Short descriptive text snippets —
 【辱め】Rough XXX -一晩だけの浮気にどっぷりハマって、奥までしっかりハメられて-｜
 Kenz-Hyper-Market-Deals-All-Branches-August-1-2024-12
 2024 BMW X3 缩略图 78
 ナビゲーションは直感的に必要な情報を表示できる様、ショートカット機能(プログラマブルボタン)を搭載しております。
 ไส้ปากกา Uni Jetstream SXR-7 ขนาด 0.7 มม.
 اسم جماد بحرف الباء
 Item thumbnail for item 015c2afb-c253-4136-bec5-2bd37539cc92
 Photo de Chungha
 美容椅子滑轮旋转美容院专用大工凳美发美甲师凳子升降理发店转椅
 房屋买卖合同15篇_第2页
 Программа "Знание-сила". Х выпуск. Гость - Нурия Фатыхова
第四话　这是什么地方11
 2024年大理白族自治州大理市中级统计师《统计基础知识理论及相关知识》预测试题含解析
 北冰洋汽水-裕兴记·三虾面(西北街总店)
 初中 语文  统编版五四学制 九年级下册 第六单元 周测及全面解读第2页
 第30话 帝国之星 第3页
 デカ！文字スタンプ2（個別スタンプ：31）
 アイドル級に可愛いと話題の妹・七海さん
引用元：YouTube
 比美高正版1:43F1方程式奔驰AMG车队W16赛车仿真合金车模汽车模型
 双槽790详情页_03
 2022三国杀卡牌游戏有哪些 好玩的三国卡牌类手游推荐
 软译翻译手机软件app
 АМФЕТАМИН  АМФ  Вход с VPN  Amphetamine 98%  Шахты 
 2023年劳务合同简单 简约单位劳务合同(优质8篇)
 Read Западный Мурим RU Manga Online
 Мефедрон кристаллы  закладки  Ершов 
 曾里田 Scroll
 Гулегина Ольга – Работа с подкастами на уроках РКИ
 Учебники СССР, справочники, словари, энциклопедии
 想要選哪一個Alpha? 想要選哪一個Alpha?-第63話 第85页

Description of the task — Go to the line holding "2024年大理白族自治州大理" in the entries above and return it, along with every line after it, exactly as written.

Expected answer —
 2024年大理白族自治州大理市中级统计师《统计基础知识理论及相关知识》预测试题含解析
 北冰洋汽水-裕兴记·三虾面(西北街总店)
 初中 语文  统编版五四学制 九年级下册 第六单元 周测及全面解读第2页
 第30话 帝国之星 第3页
 デカ！文字スタンプ2（個別スタンプ：31）
 アイドル級に可愛いと話題の妹・七海さん
引用元：YouTube
 比美高正版1:43F1方程式奔驰AMG车队W16赛车仿真合金车模汽车模型
 双槽790详情页_03
 2022三国杀卡牌游戏有哪些 好玩的三国卡牌类手游推荐
 软译翻译手机软件app
 АМФЕТАМИН  АМФ  Вход с VPN  Amphetamine 98%  Шахты 
 2023年劳务合同简单 简约单位劳务合同(优质8篇)
 Read Западный Мурим RU Manga Online
 Мефедрон кристаллы  закладки  Ершов 
 曾里田 Scroll
 Гулегина Ольга – Работа с подкастами на уроках РКИ
 Учебники СССР, справочники, словари, энциклопедии
 想要選哪一個Alpha? 想要選哪一個Alpha?-第63話 第85页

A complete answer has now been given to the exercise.